First of all not all the occupations that took place in the fall were demandless. Demands ranged from a tactically chosen small sets of demands that occupiers thought were winnable, to laundry-list demands listing every possible grivience one could have with a university and as you asked, to occupations which were demandless.

In not issuing demands to administrators who are the ones creating the very material crisis for us in the university by raising our fees, firing us, cutting our pay and essential services, these occupations recognized that they can never fulfill our demands and instead we should appeal to each other.

These occupations tried to communicate a certain break with the usual way of doing politics and also encourage further occupations. And indeed it had this effect and we can surely say that there was intra-occupation communication happening on a morphogenic sphere.

Also occupations were seen not only a means to an end but as an end in and of itself (or perhaps a mean without an end). By appropriating space and by locking it down some occupiers were attempting to open it up to a whole other set of social relations that might be possible in absence of private property.

Gov. Schwarzenegger has proposed a constitutional amendment allotting no less than 10% of the state’s general fund in the future to education and no more than 7% allotted to prisons, citing the protests as one of the main pressures. As proposed, the cut in prison allocations would be accomplished through privatizations. What are your feelings about this piece of legislation?

We reject pitting the privatization of prisons against the privatization of public universities. We seek to abolish prisons just as we seek to abolish the university that produces obedient workers for jobs that don’t even exist anymore. Universities and prisons represent the two poles of class mobility in the US and should be understood as connected elements of a system for controlling workers and marginalized communities.

Two things are very clear from the Governor’s announcement.
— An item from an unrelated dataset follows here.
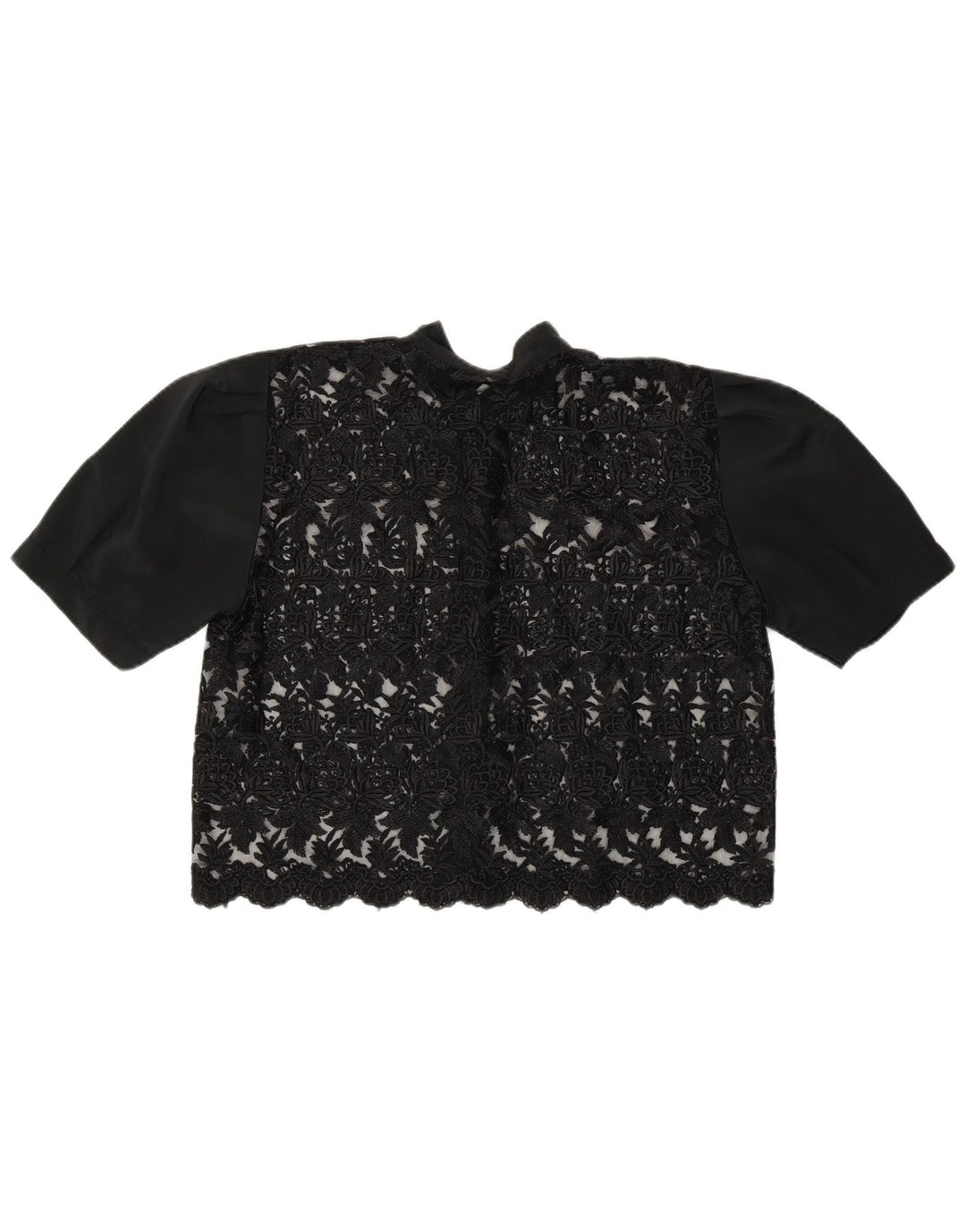 Blusa feminina vintage transparente com camisa UK 14 médio preto floral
One is that the oddly popular idea that affecting change at the legislative level means traveling to the capital for rallies and lobbying has been shown to be false. If we fight from where we are strong and enough ruckus takes place, politicians notice. The second thing, which is more heartening, is that, we can see the fruits of our resolve already. We have no illusions about the emptiness of what Schwarzeneggar has promised, but it is clear that power feels threatened by a movement that is still in its infancy.
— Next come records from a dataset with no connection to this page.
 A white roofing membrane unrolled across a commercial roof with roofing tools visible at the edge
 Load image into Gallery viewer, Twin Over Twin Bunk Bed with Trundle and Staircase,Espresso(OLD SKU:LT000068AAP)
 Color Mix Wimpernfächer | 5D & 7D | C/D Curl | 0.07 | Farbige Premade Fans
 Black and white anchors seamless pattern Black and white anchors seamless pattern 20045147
What do you think are the most important steps are to take now for students in the UC system and what advice would you give to Evergreen students who are fighting tuition hikes and budget cuts in our university?

In California and in the US in general people are organizing towards March 4 and the week preceding it. Clearly the roots of our impoverishment are connected through the so-called crisis and their engineers. If we fight together, and if we can expand the struggle beyond the university without abandoning the struggle on campus we might be able to start to turn the tide. Direct action tactics such as occupations, blockades and other forms of disruptions provide the means of propelling our movements
forward. But of course we need to come up with new and more innovative forms of action that are just as effective.